Short text fragments from websites:

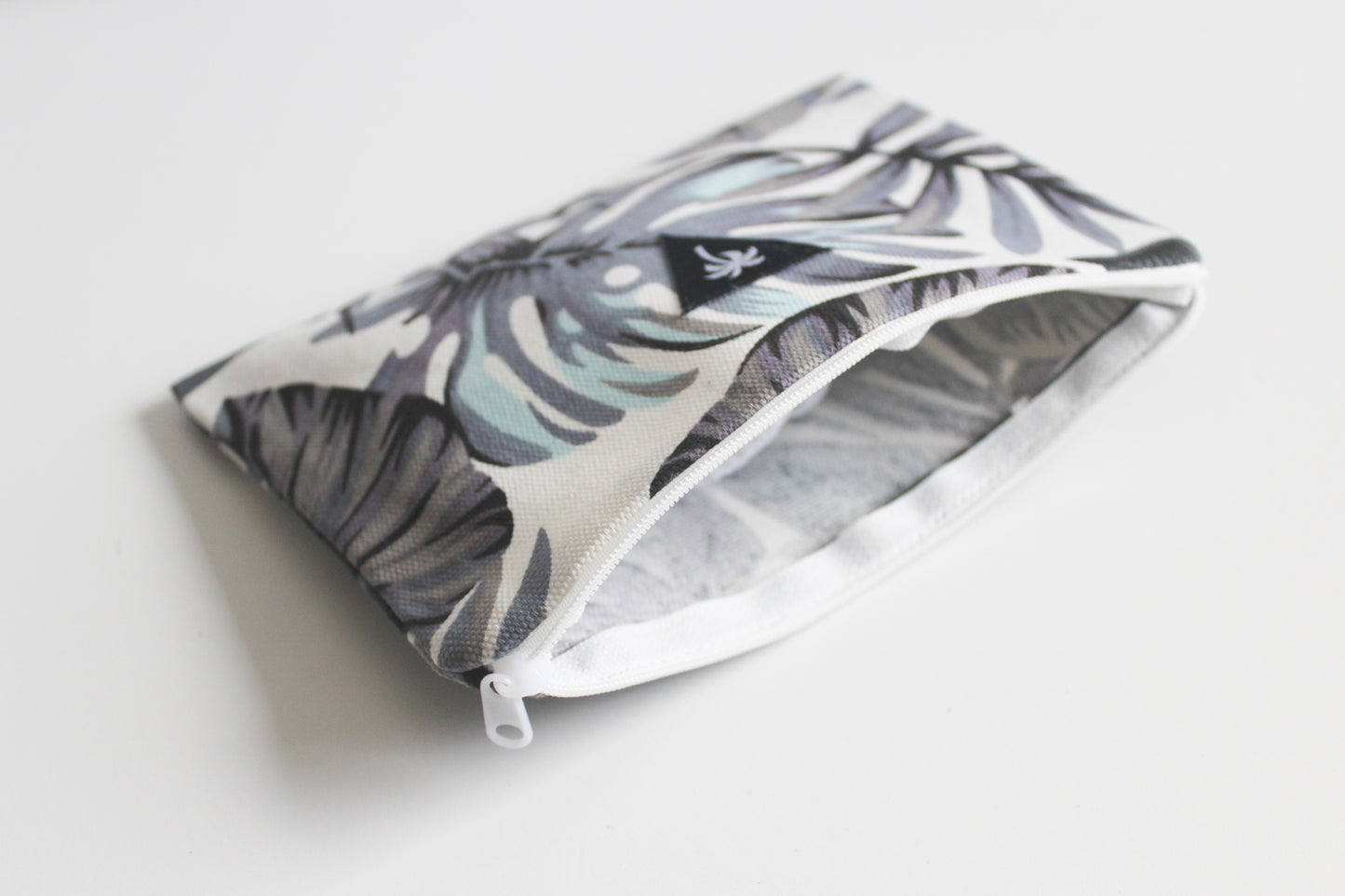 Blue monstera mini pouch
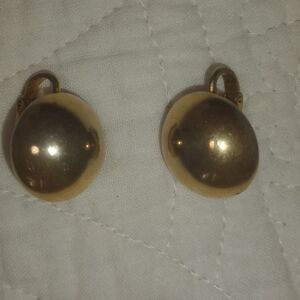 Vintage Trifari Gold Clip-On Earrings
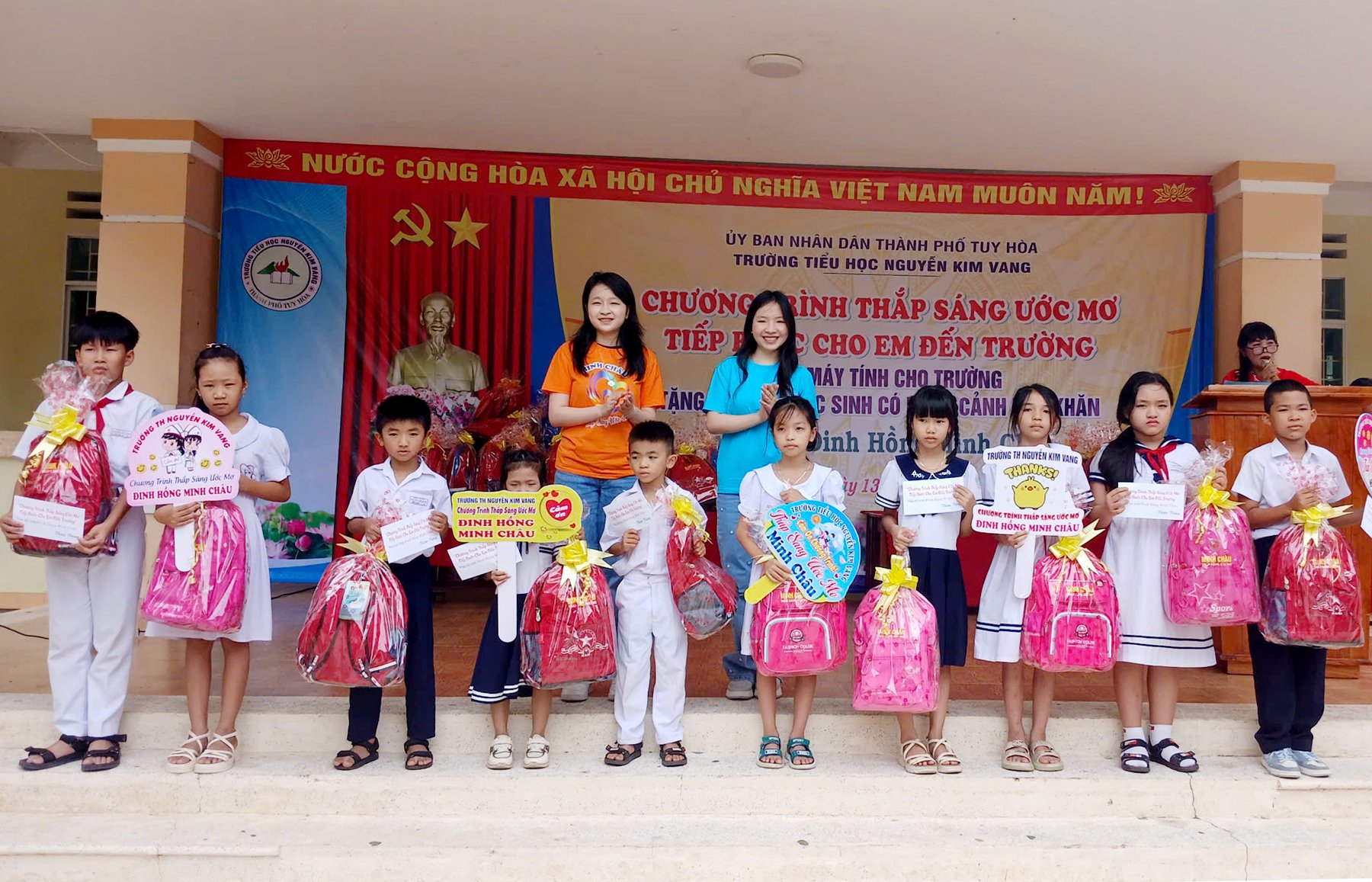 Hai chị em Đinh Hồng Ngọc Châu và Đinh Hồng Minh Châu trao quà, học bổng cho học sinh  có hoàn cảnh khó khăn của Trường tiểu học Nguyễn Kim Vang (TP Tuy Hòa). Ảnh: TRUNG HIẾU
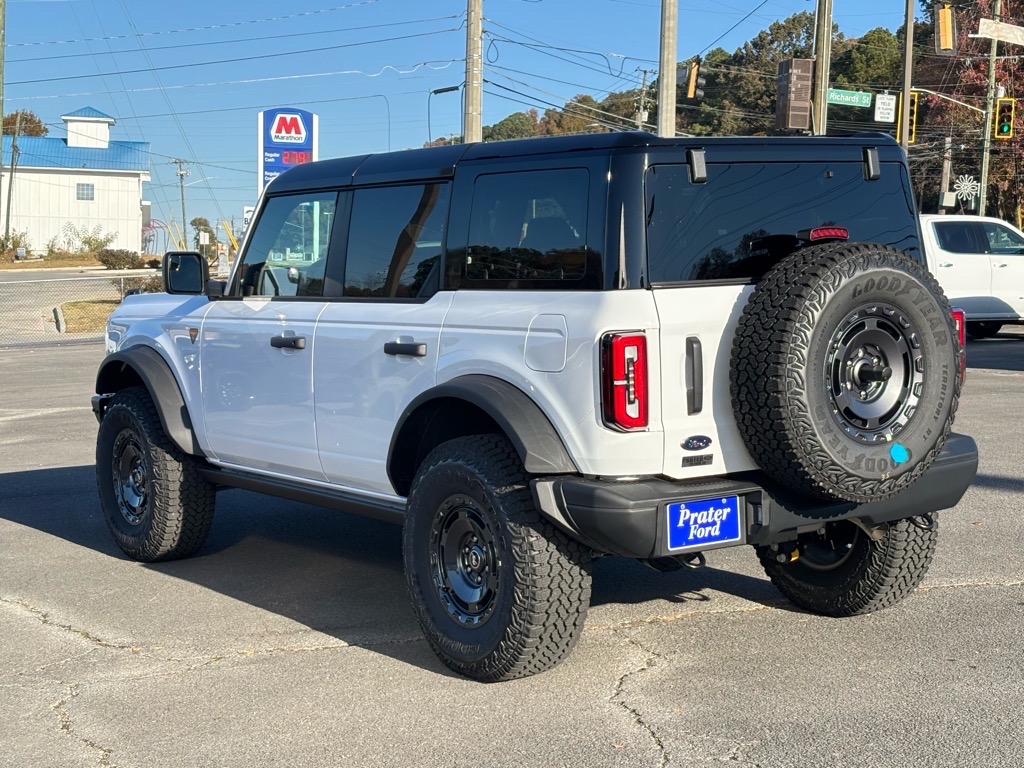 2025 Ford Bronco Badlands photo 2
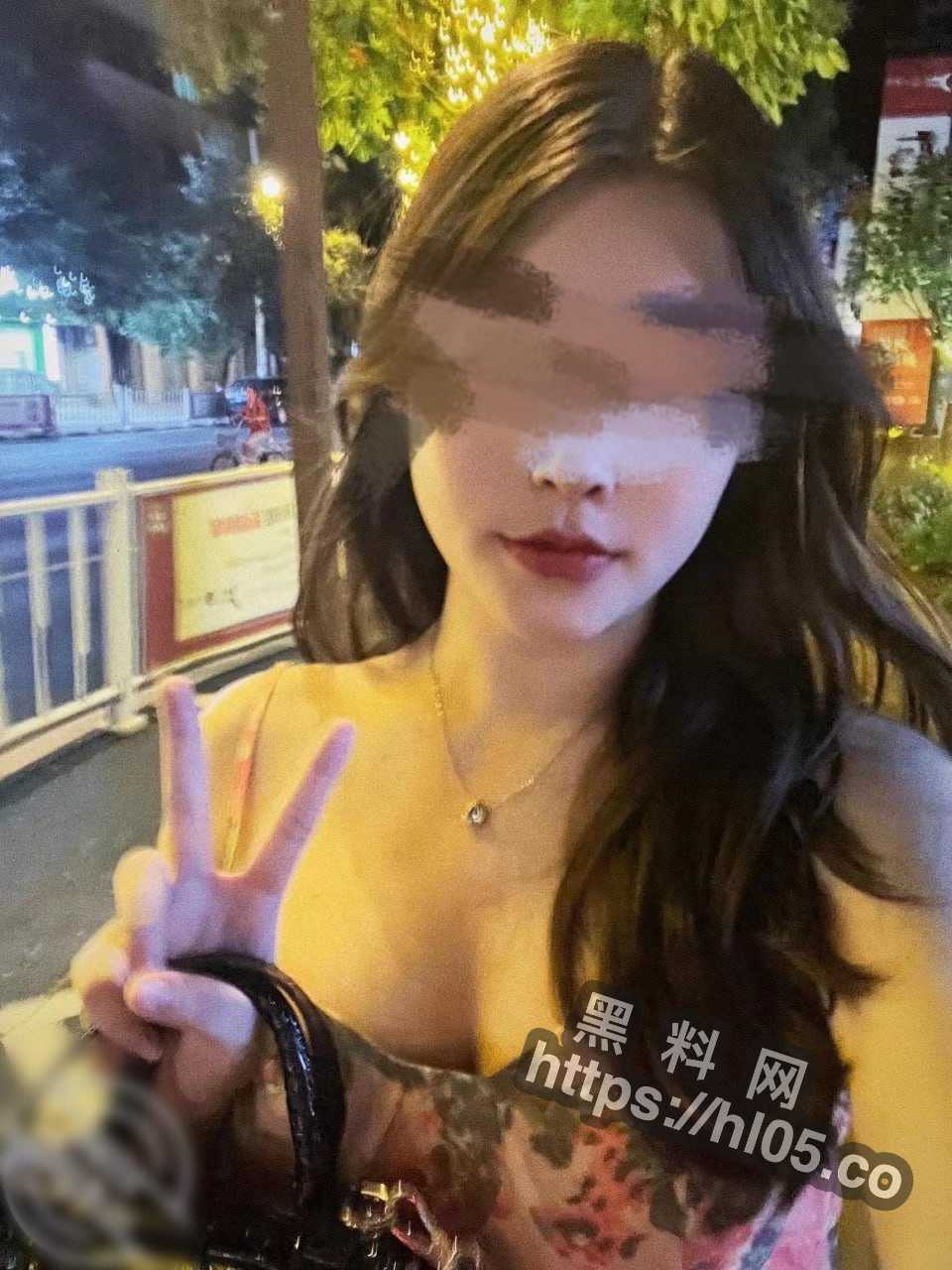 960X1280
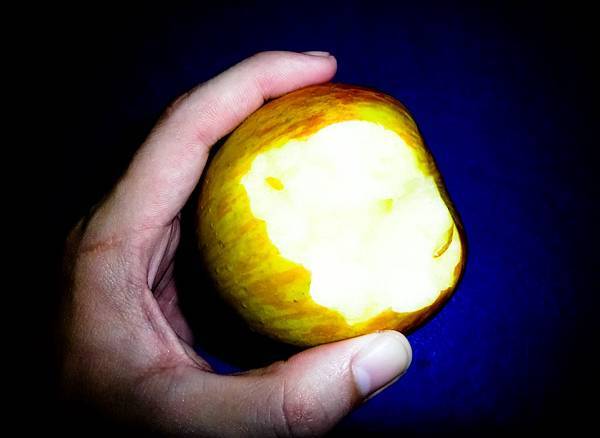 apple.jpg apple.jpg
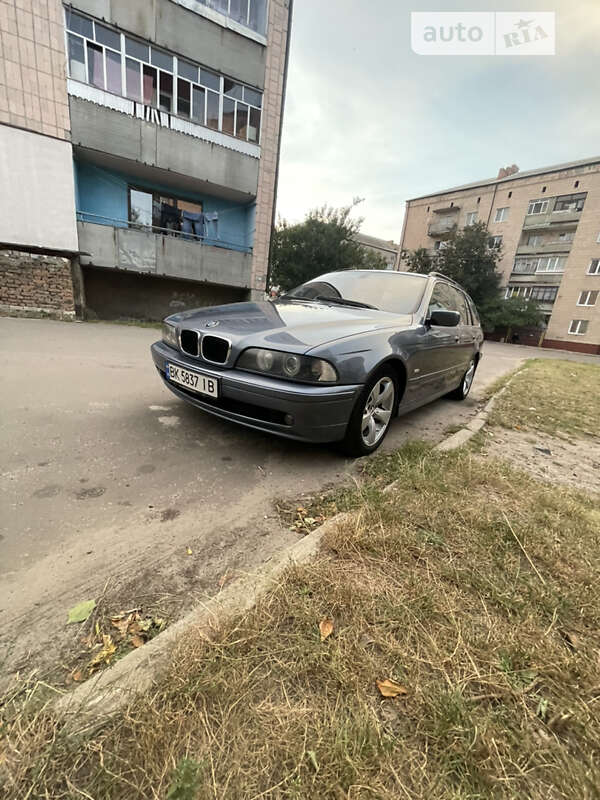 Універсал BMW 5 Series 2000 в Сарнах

* Exercise brief *
Please copy the data shown above word for word, omitting the pictures.

* Response for this exercise *
 Blue monstera mini pouch
 Vintage Trifari Gold Clip-On Earrings
 Hai chị em Đinh Hồng Ngọc Châu và Đinh Hồng Minh Châu trao quà, học bổng cho học sinh  có hoàn cảnh khó khăn của Trường tiểu học Nguyễn Kim Vang (TP Tuy Hòa). Ảnh: TRUNG HIẾU
 2025 Ford Bronco Badlands photo 2
 960X1280
 apple.jpg apple.jpg
 Універсал BMW 5 Series 2000 в Сарнах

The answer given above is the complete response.